== Segment start ==
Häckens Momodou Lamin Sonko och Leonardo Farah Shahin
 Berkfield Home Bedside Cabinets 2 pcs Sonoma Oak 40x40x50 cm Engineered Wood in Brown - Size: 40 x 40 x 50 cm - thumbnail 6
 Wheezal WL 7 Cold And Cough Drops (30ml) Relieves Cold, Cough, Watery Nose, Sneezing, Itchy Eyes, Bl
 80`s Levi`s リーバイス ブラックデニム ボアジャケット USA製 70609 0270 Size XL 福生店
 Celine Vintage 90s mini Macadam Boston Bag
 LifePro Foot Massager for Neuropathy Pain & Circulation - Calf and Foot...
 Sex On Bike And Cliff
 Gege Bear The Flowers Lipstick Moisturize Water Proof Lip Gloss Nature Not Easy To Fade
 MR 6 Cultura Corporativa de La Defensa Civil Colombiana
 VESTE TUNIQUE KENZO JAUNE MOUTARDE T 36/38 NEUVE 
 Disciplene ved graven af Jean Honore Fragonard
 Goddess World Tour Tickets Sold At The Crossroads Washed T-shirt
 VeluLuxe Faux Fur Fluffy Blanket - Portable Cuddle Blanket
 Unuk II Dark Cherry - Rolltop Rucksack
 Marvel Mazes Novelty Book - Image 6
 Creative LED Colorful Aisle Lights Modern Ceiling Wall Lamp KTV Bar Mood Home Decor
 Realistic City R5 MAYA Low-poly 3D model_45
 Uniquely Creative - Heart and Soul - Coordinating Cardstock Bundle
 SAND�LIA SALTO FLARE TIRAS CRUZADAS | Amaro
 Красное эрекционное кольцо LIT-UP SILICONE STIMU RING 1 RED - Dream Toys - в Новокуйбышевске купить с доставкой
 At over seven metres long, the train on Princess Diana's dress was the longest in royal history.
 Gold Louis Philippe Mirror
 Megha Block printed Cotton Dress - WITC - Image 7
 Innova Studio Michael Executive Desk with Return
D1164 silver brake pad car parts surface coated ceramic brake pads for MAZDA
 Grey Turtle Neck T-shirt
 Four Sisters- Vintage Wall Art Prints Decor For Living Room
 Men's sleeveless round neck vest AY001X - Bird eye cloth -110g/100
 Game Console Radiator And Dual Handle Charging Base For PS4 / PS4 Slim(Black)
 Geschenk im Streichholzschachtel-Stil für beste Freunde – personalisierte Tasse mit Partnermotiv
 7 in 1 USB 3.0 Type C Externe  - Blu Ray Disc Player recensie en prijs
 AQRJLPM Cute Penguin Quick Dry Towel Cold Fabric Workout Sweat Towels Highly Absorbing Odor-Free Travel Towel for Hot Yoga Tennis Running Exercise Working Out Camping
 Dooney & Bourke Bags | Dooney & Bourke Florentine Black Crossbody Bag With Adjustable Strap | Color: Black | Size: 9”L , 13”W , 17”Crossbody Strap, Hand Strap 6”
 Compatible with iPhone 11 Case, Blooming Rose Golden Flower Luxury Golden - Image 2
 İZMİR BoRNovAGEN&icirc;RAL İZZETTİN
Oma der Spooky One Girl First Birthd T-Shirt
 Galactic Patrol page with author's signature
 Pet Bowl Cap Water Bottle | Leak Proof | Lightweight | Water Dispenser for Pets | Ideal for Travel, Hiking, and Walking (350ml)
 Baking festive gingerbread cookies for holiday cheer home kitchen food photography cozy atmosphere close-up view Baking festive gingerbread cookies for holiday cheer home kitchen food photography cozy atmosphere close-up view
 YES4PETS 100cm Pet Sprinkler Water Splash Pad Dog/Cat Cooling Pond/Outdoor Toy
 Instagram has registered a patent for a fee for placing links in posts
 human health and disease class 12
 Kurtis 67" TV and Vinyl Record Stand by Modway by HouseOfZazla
== Segment end ==
§ PROBLEM STATEMENT: Look back at the entries above and repeat, unchanged, every line from the line holding "Grey Turtle Neck T-shirt" through the line holding "human health and disease class 12".

§ ANSWER FOR THE TASK:
 Grey Turtle Neck T-shirt
 Four Sisters- Vintage Wall Art Prints Decor For Living Room
 Men's sleeveless round neck vest AY001X - Bird eye cloth -110g/100
 Game Console Radiator And Dual Handle Charging Base For PS4 / PS4 Slim(Black)
 Geschenk im Streichholzschachtel-Stil für beste Freunde – personalisierte Tasse mit Partnermotiv
 7 in 1 USB 3.0 Type C Externe  - Blu Ray Disc Player recensie en prijs
 AQRJLPM Cute Penguin Quick Dry Towel Cold Fabric Workout Sweat Towels Highly Absorbing Odor-Free Travel Towel for Hot Yoga Tennis Running Exercise Working Out Camping
 Dooney & Bourke Bags | Dooney & Bourke Florentine Black Crossbody Bag With Adjustable Strap | Color: Black | Size: 9”L , 13”W , 17”Crossbody Strap, Hand Strap 6”
 Compatible with iPhone 11 Case, Blooming Rose Golden Flower Luxury Golden - Image 2
 İZMİR BoRNovAGEN&icirc;RAL İZZETTİN
Oma der Spooky One Girl First Birthd T-Shirt
 Galactic Patrol page with author's signature
 Pet Bowl Cap Water Bottle | Leak Proof | Lightweight | Water Dispenser for Pets | Ideal for Travel, Hiking, and Walking (350ml)
 Baking festive gingerbread cookies for holiday cheer home kitchen food photography cozy atmosphere close-up view Baking festive gingerbread cookies for holiday cheer home kitchen food photography cozy atmosphere close-up view
 YES4PETS 100cm Pet Sprinkler Water Splash Pad Dog/Cat Cooling Pond/Outdoor Toy
 Instagram has registered a patent for a fee for placing links in posts
 human health and disease class 12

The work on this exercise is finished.